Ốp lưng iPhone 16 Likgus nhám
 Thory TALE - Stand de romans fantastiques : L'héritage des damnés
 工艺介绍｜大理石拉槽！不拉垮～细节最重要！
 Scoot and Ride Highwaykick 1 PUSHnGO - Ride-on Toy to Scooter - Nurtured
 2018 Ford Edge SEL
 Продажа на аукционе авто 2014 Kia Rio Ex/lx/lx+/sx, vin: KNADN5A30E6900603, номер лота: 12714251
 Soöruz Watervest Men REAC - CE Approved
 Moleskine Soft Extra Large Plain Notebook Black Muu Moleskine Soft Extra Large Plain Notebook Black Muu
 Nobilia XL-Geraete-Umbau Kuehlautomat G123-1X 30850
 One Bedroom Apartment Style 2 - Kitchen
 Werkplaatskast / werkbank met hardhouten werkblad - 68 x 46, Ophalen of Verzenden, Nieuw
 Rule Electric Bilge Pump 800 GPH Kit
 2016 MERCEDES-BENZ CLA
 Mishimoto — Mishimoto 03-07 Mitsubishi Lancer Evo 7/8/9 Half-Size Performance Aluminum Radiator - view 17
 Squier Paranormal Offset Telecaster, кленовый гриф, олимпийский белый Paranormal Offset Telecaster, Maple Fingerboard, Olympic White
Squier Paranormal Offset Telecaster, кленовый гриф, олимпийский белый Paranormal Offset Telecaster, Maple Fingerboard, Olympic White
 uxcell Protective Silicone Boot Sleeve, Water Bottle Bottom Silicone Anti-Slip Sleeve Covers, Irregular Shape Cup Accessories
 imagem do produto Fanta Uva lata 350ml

- Problem to solve -
Go through the records above and copy each line where "белый" is found.

- Your solution -
 Squier Paranormal Offset Telecaster, кленовый гриф, олимпийский белый Paranormal Offset Telecaster, Maple Fingerboard, Olympic White
Squier Paranormal Offset Telecaster, кленовый гриф, олимпийский белый Paranormal Offset Telecaster, Maple Fingerboard, Olympic White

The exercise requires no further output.